Master’s Thesis Project — ITMO University
A research prototype for Asynchronous Software Tessellation, developed as part of a Master’s thesis at ITMO University. It demonstrates a GPU-based procedural tessellation algorithm integrated with asynchronous compute to overlap tessellation workloads with other rendering tasks (shadow mapping, post-processing, etc.) in DirectX 12.
- Compute‐Shader Tessellation
- Procedural subdivision via binary‐rule keys stored in GPU buffers.
- Both uniform and view‐dependent adaptive LOD.
- Frustrum culling
- Asynchronous Compute
- Overlaps tessellation compute with shadow‐map and post‐processing passes.
- Camera‐motion prediction to drive next‐frame tessellation.
- Graphics Techniques
- Deferred rendering.
- Shadow mapping (Cascaded Shadow Maps).
- Post‐processing: Motion Blur, Bloom, Chromatic Aberration, Tone Mapping.
- Interactive UI
- ImGui overlay to tweak LOD, toggle async/sync, enable/disable effects.
- Frame-time display and live profiling markers.

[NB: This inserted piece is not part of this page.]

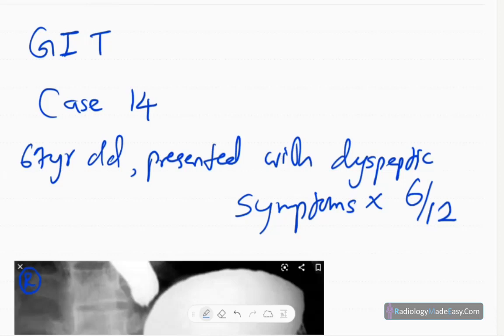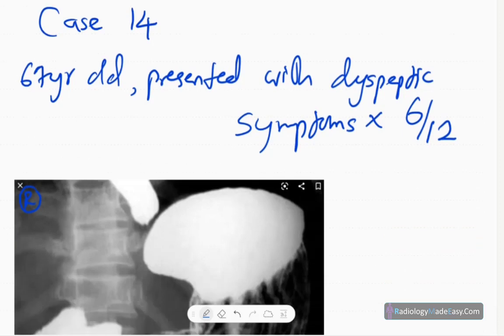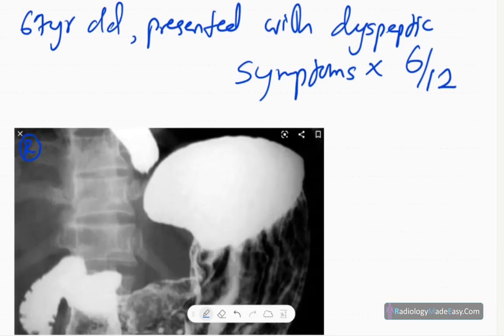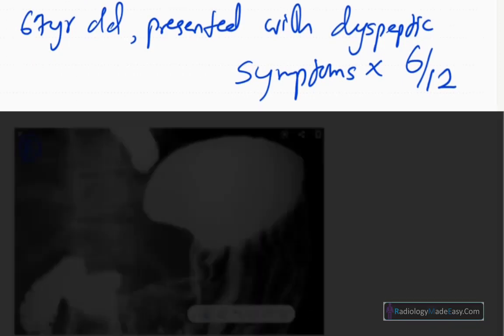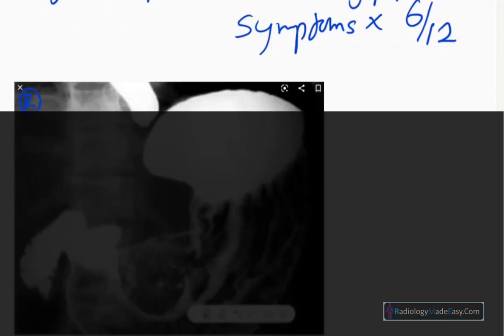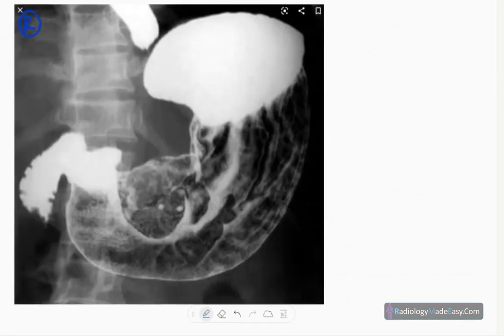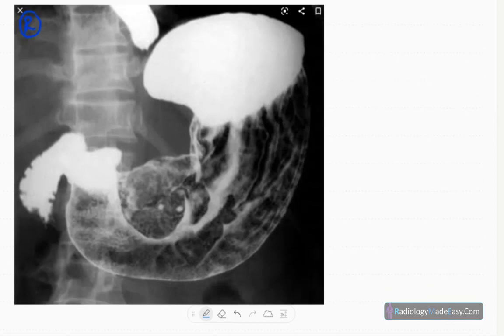Welcome back to case number 14 in GIT contrast studies. Today our case is a 67-year-old patient presented with dyspeptic symptoms for six months duration. This is the anteroposterior spot radiograph of the barium meal series.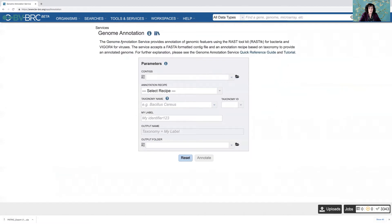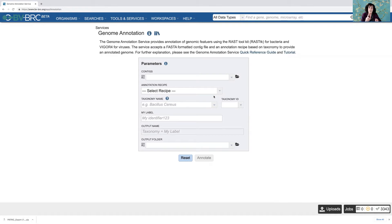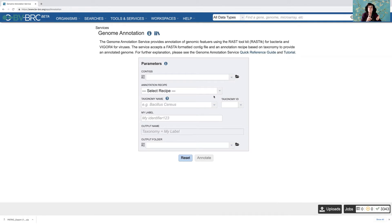So this is a job landing page that you see in BVBRC. Basically there are just a few things that you have to do from any of the services, not just annotation. You would have to identify the data that you want to use, select some parameters, name the job, and assign an output folder for the completed job to be stored in.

This section illustrates the overall application workflow and the detailed rendering sequence for a single frame utilizing asynchronous compute.
The implementation was evaluated across eight GPU configurations (GTX 1050 Ti, GTX 1080 Ti, RTX 2080 Ti, RTX 3060 Laptop, RTX 3080, RTX 3090, RTX 4070 Ti, RTX 4090) and five application scenarios:
- Config 1: High-detail procedural terrain.
- Config 2: High-detail 3D model.
- Config 3: Low-detail 3D model.
- Config 4: Low-detail procedural terrain.
- Config 5: High-detail procedural terrain with simplified pixel shader.
Each scenario included cascaded shadow maps, multiple colored point lights, full post‑processing effects, and a rotating camera.
Asynchronous tessellation modes yielded a 10–30% reduction in frame time, with AsyncAll often the top performer. Parallelizing tessellation alongside shadow‐map generation maximized GPU utilization and reduced idle periods.
The chart below, captured in NVIDIA Nsight Graphics, illustrates the distribution of GPU and memory resources for Config 1 in Direct mode (A) versus AsyncShadowMap mode (B).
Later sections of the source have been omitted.